Vicenza-based soldier killed in Afghanistan remembers unit in will
By KENT HARRIS | STARS AND STRIPES Published: January 17, 2008
First Sgt. Richard Howell remembers parts of a conversation before Staff Sgt. Michael Gabel left the rear detachment for the 173rd Airborne Brigade Combat Team and headed downrange.
Gabel said something about the possibility of donating a portion of his $400,000 Servicemembers’ Group Life Insurance policy to help the rear detachment pay for flowers at memorial services.
Gabel was serving as platoon sergeant for soldiers inprocessing into Vicenza before they were sent to Afghanistan.
“He was doing a great job in the job he was doing for me,” said Howell, the first sergeant for the brigade’s rear detachment in Vicenza. “You want to reward a guy like that for doing his job so well.
“I’ve never seen anyone wanting to go downrange as bad as he did,” Howell said.
So Gabel, instrumental in running new soldiers through grueling physical training to get them ready for their deployment, went to Afghanistan himself in September.

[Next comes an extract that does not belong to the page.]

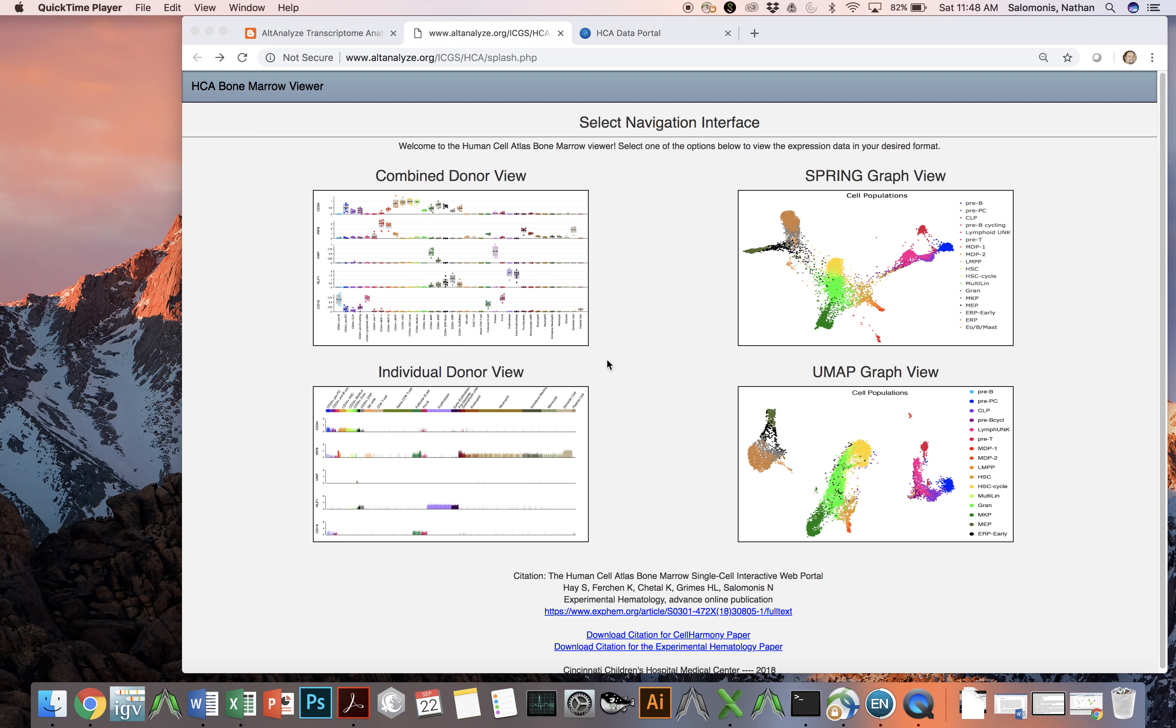In this video, we introduce a new interactive web portal for data from the Human Cell Atlas Project. Specifically, bone marrow RNA sequencing data for eight healthy individuals spanning over a hundred thousand cells.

He died Dec. 12, along with Cpl. Joshua Charles Blaney, after their Humvee hit a roadside bomb near a U.S. forward operating base. Pfc. Brian Gorham would die a few weeks later from wounds he sustained in the attack.
Howell soon learned that Gabel had followed through with his thoughts. He donated 3 percent of the settlement to Howell and another 3 percent to Sgt. 1st Class Michael Arroyo, the rear detachment’s operations noncommissioned officer. The $24,000 was to be used for flowers and a party for the rear detachment at the end of the deployment.

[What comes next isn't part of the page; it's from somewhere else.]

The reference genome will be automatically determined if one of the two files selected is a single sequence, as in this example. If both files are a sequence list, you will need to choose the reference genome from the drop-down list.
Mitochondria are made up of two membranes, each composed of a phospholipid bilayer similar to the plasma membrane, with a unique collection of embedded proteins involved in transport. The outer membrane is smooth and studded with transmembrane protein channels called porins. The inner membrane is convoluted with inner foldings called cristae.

Gabel, 30, wasn’t married. He is survived by his parents, Cathy and John III, and older brother, David. Born in Baton Rouge, La., he joined the Army in 2000. He served in Iraq and later in the brigade’s first rotation to Afghanistan before being assigned to the rear detachment for the beginning of the current rotation, expected to last through August.
Gabel’s duties put him into contact with a wide variety of Americans and Italians across the base, Howell said. Those ties were evident at the memorial service on Dec. 19, when dozens of people reached out to touch the helmet in front of his portrait in the base chapel.
Howell said it’s the first time in 22 years of service that he’s heard of a soldier donating a portion of his death benefits to support his home base.
The unit has since learned that it can pay for flowers at such services, and doesn’t need to ask for individual donations anymore. So Howell said he and Arroyo are working with Gabel’s family to determine a way for Gabel’s donation to be spent in a way he would wish.
“We’re trying to set it up so we can get something with a lot more longevity to it, so it’s not just this deployment,” Howell said.
“When a guy does something like that, you want to make it last.”